Сегодня холоднее, чем вчера, но в последнее время холодно всегда. Я не могу согреться даже в летнюю жару. После дождя мы по нескольку дней ходим мокрые, сырость проникает повсюду. Как измерить температуру, если температура всегда одна и та же – тупой холод и он вместе с оцепенением моего рассудка никогда не проходит, он – данность, которую, в конце концов, просто перестаешь замечать.
Я раньше любила теплые, сияющие летние дни, но в этом году они словно куда-то пропали. А может, уже осень? Сколько времени мы уже здесь? Какой сейчас месяц? Где-то в мире наверняка есть деревья, меняющие свой цвет в предвкушении зимы, они встречают ее огненно-красными, оранжевыми, золотыми красками, но тут я не замечаю никаких перемен. Здесь все всегда серое. И я сама тоже серая.
В Биркенау у нас один календарь. Чувство голода.[31]

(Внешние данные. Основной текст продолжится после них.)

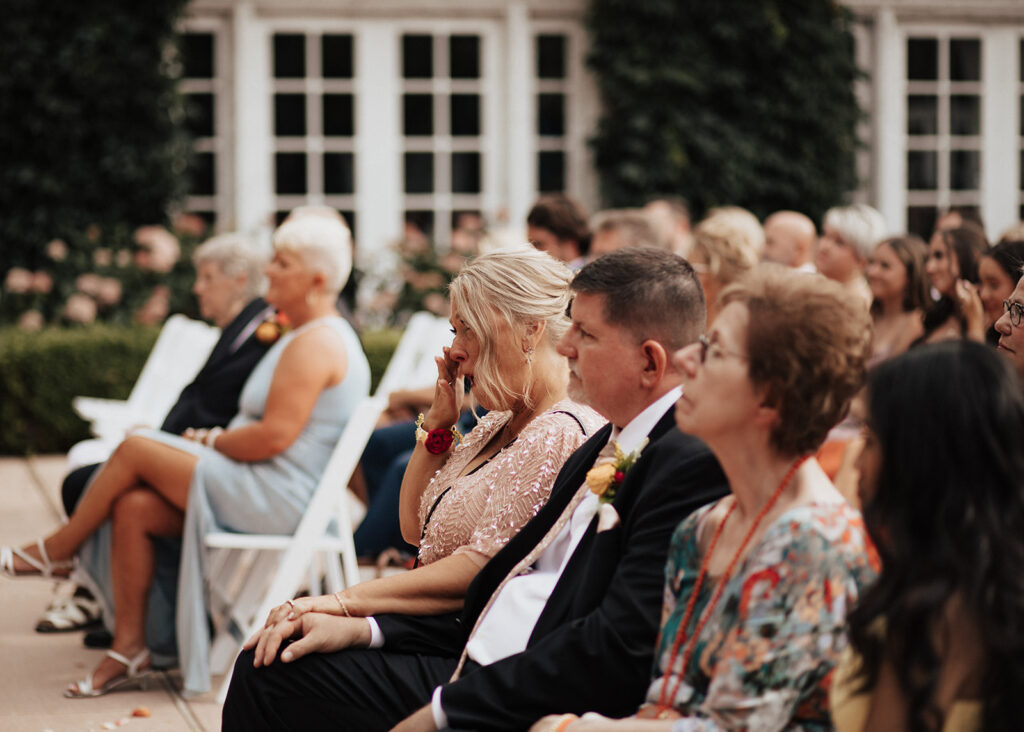 Emotional wedding ceremony in the courtyard of Ravisloe Country Club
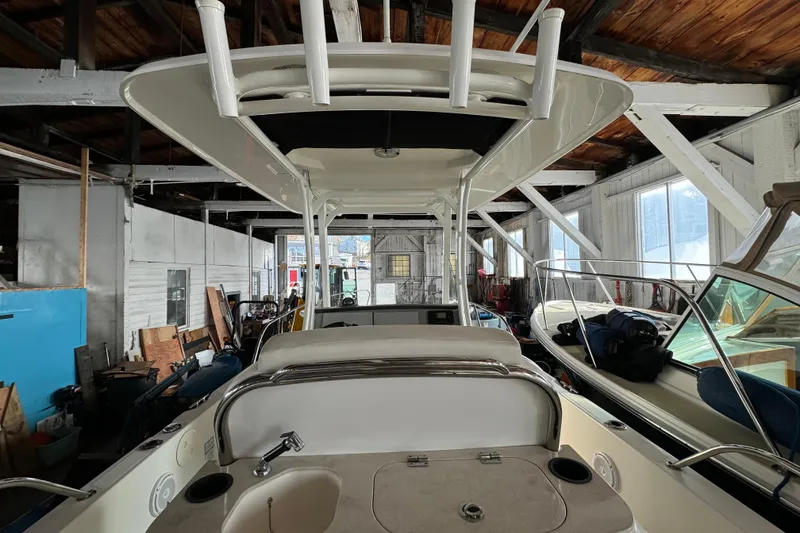 Slide: The Image of 2014 Boston Whaler 270 Dauntless boat in storage, showcasing interior and structure. - 5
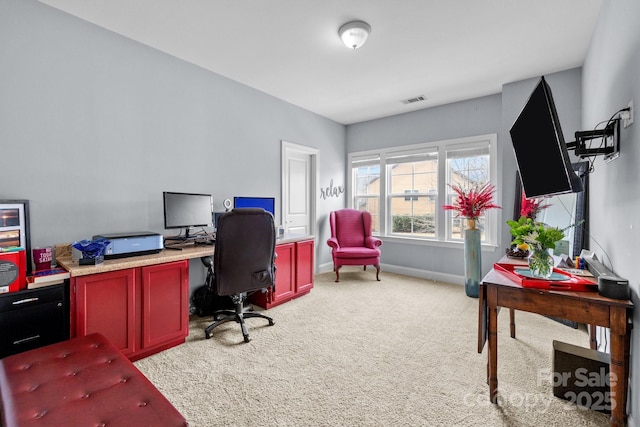 home office featuring visible vents, light colored carpet, and baseboards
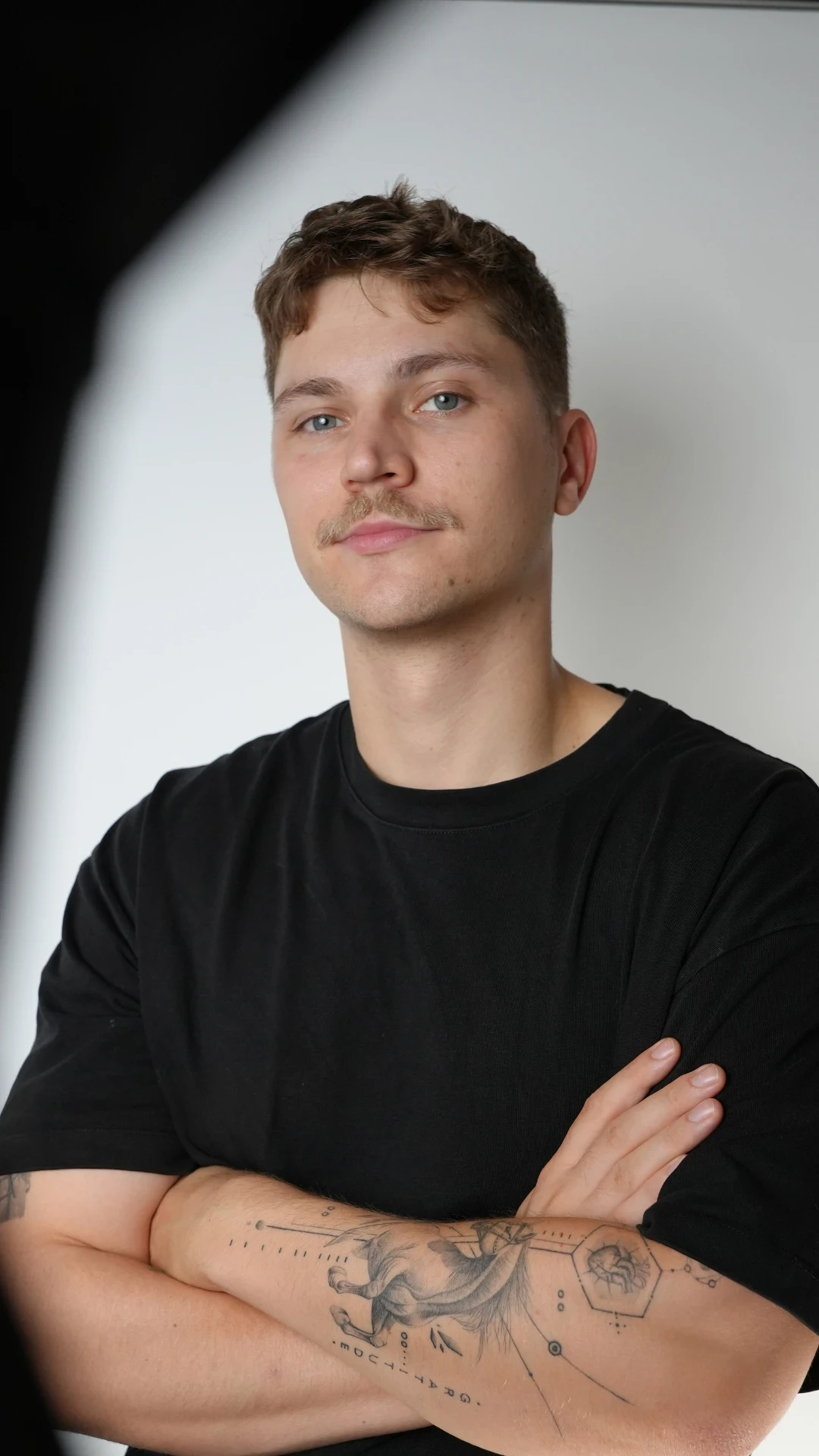 Creator filming with a camera on a tripod indoors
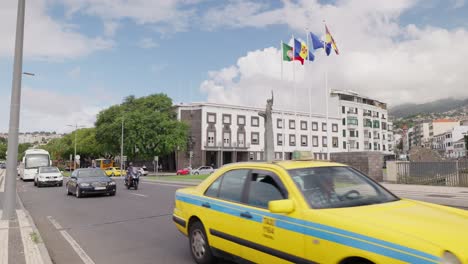 Vehicles-drive-on-main-street-of-Funchal-city,-flags-flutter-in-wind,-Madeira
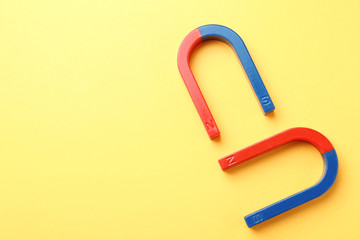 Red and blue horseshoe magnets on color background, top view with space for text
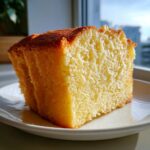 A close-up, brightly lit slice of moist vanilla cake showing its soft, airy crumb texture on a white plate.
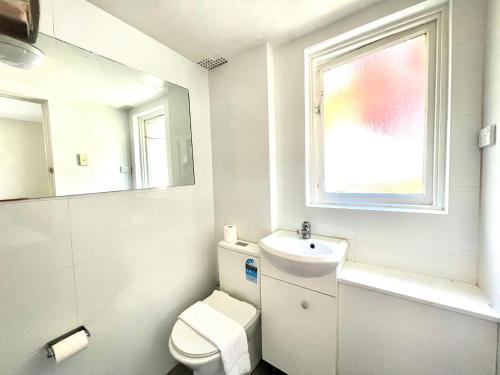 a bathroom with a toilet and a sink and a window at Lotus Stay Manly - Apartment 31B in Sydney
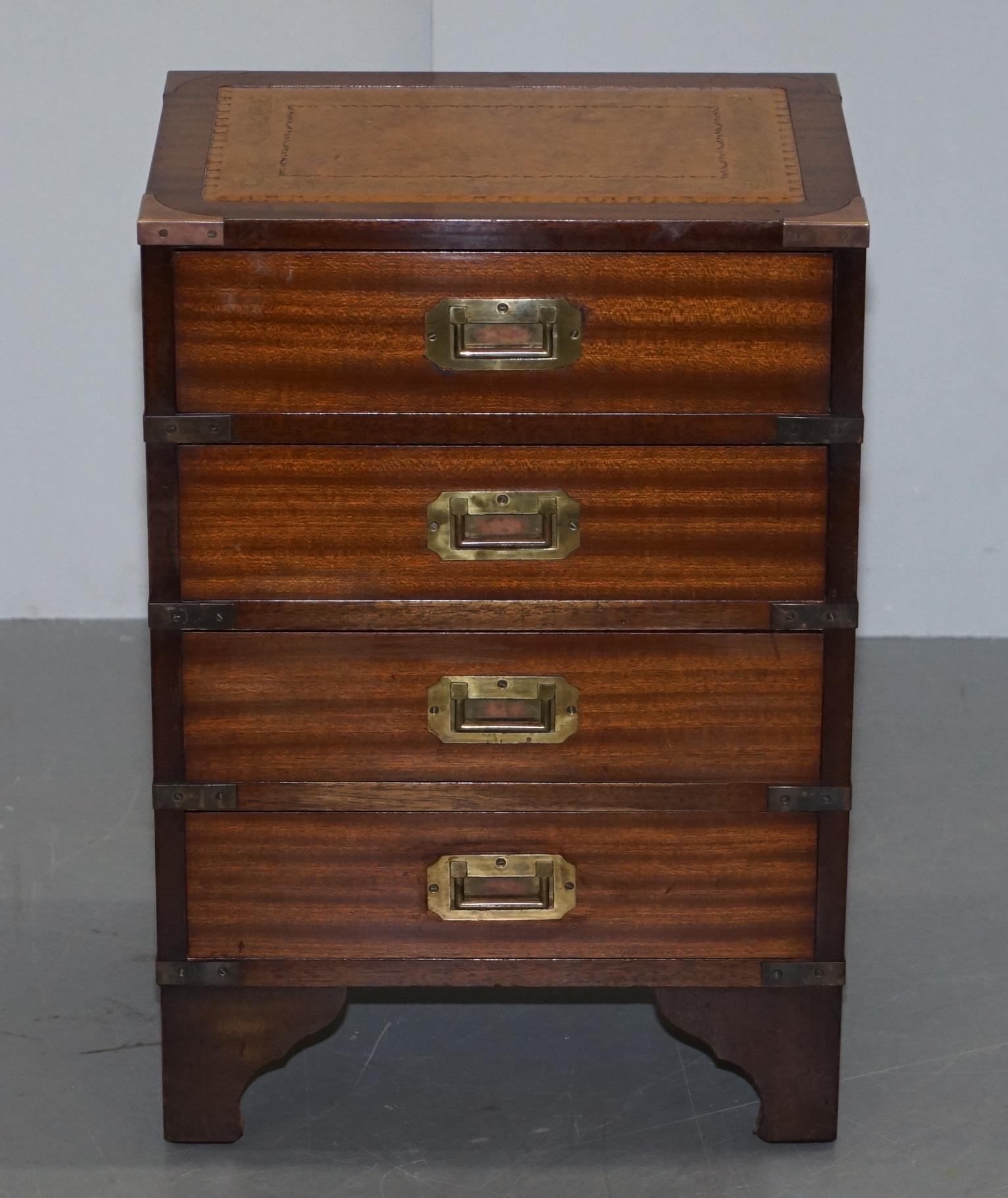 We are delighted to offer for sale this lovely vintage flamed mahogany, gold leaf embossed brown leather top with brass trim Military Campaign bedside lamp or wine table drawers

This is a very luxurious piece, the frame is flamed mahogany and has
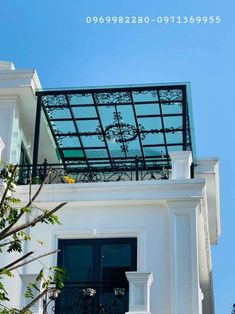 the top of a white building with a glass roof and wrought iron balcony railings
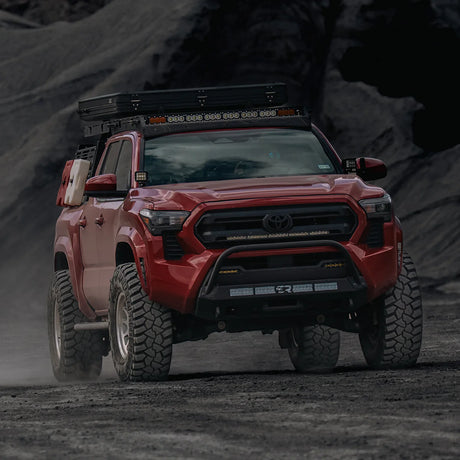 Red Tacoma driving on dirt road with Stealth Bumper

Пустота в наших желудках столь же неотступна, как холод. Это единственные часы, которые у нас есть, единственный способ определить время суток. Утром – голод. Днем – голод. Вечером – голод. Голод со временем довел нас до того, что мы уже не в состоянии ничего воспринимать, кроме непрестанной боли трущихся друг о друга кишок.
Блоковая староста спрашивает, не хочу ли я стать штубной. «Нет, спасибо», – отвечаю я, но про себя думаю, что не смогла бы отбирать хлеб у таких же, как я, голодных и бить таких же, как я, несчастных. Я постоянно мысленно твержу одно и то же заклинание: не выделяться. Это одно из правил моей здешней жизни. Тех, кто выделяется, в итоге втопчут в землю, поэтому я остаюсь на заднем плане и просто стараюсь, чтобы меня никто не трогал.
За воротами Аушвица-Биркенау для меня существует одна-единственная вещь. Она светит мне, словно луч маяка в тумане. Я помню о ней каждую секунду каждого божьего дня, и она – единственное, что удерживает меня на плаву. Это мама и папа на краю подсознания. Они кивают нам с Данкой. Их руки машут нам на фоне снега и зимнего неба. «Мы здесь! – кричат они. – Мы ждем вас дома!»
«Мы уже идем, мама! – откликаюсь я. – Не оставляйте нас одних». И они не оставляют. Я слышу, как мамин голос утешает мой измученный рассудок, унимает боль нашей теперешней жизни. Единственное, чем она не может нам помочь, – это голод, но даже он притупляется при мысли, что мама с папой ждут нашего с Данкой возвращения в Тылич. Я помещаю эту картинку в воображаемую рамку и вешаю ее на воображаемую стенку, где всегда могу любоваться ею. Я знаю, что они там. Я работаю, потому что нужна им. Я ем, потому что они ждут. Я живу, потому что они живы.
«Мама, я вернула твоего ребенка». Я мысленно повторяю это вновь и вновь. Это припев песни, которая поддерживает мои силы, мое здоровье и мой дух: «Мама, я вернула твоего ребенка». Мой главный подвиг жизни, моя судьба – это выжить и с триумфом вернуть сестру в родительский дом. Мою мечту не убьют ни немецкие хлысты, ни кандалы, ни приказы. Я это сделаю, поскольку иного выбора у меня нет. Мысль о поражении даже в голову не приходит. Да, мы можем погибнуть, здесь трудно уйти от смерти, но даже она не лишит меня единственной цели в жизни. Есть четыре главных закона, все остальное не имеет значения: оставаться с Данкой, не выделяться, быть всегда начеку, хранить молчание.